How to complete this task:
Because the entries hold pictures, reproduce only their words, exactly as written.
───
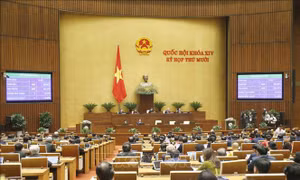 Nghị quyết Kỳ họp thứ 10, Quốc hội khóa XIV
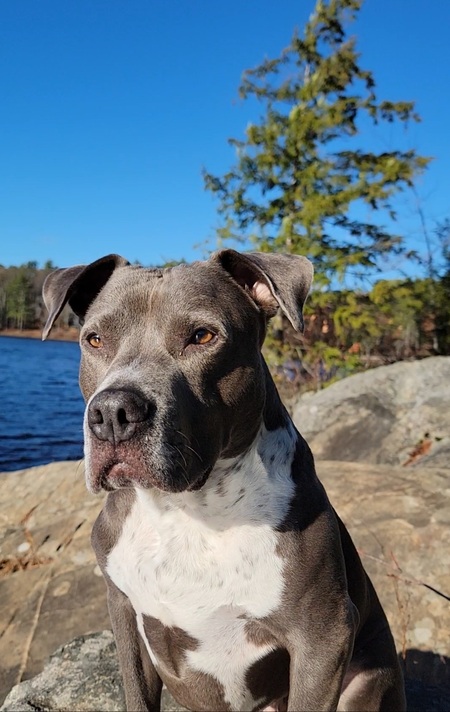 Entry image for Gunner. Clicking this image will show a larger photo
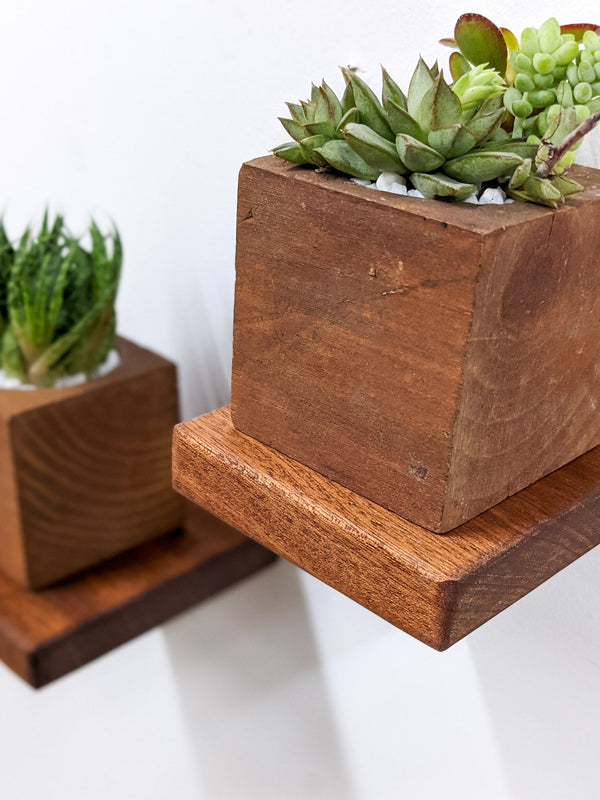 Square Wood Display Wall Shelf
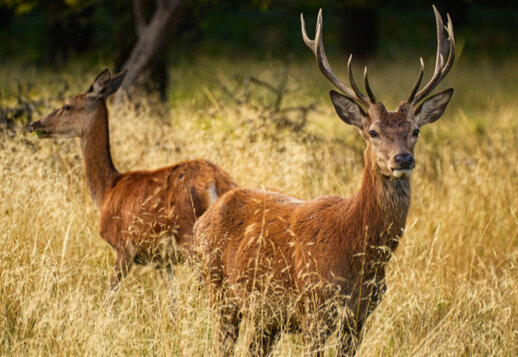 Diurnal or nocturnal? Vorschau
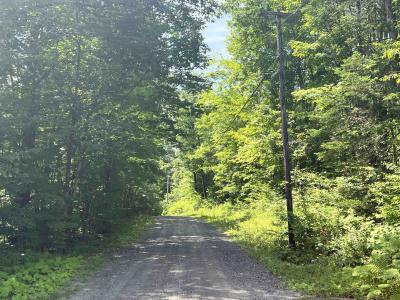 - Denio Road, Barnet, Vermont 05821, États-Unis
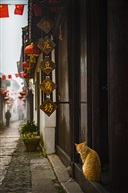古镇老街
───
Reply:
 Nghị quyết Kỳ họp thứ 10, Quốc hội khóa XIV
 Entry image for Gunner. Clicking this image will show a larger photo
 Square Wood Display Wall Shelf
 Diurnal or nocturnal? Vorschau
 - Denio Road, Barnet, Vermont 05821, États-Unis
古镇老街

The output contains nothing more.